Retype the material that follows exactly, limited to the lines from the one with "Nuove speranze per" through the one with "Graphical abstract: A", and keep out all pictures.

▶ [RECORDS PROVIDED]:

----

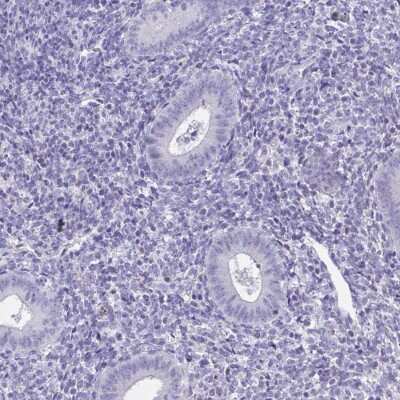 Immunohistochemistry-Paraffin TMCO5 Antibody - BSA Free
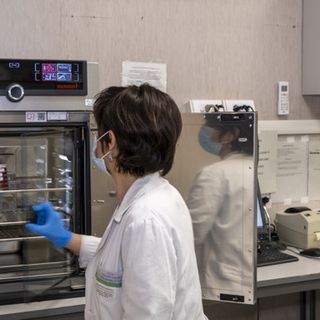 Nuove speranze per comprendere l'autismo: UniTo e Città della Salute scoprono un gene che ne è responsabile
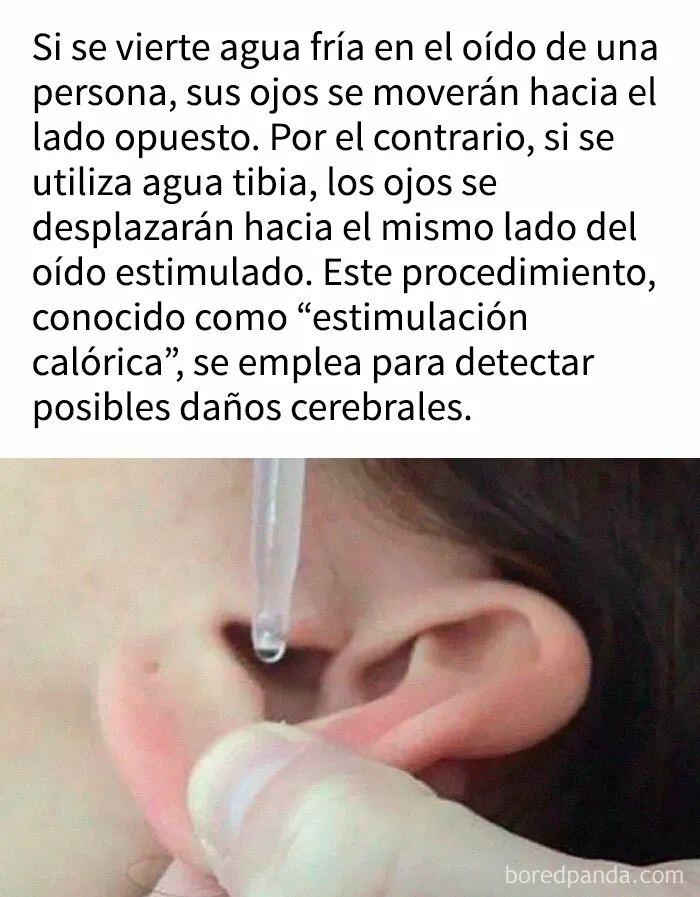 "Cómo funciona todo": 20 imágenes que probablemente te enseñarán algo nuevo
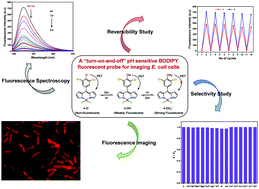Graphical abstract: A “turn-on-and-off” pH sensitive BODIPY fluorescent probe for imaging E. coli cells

----

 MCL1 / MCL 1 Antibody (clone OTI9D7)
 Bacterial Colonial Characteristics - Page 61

----

▶ [YOUR SOLUTION]:
 Nuove speranze per comprendere l'autismo: UniTo e Città della Salute scoprono un gene che ne è responsabile
 "Cómo funciona todo": 20 imágenes que probablemente te enseñarán algo nuevo
Graphical abstract: A “turn-on-and-off” pH sensitive BODIPY fluorescent probe for imaging E. coli cells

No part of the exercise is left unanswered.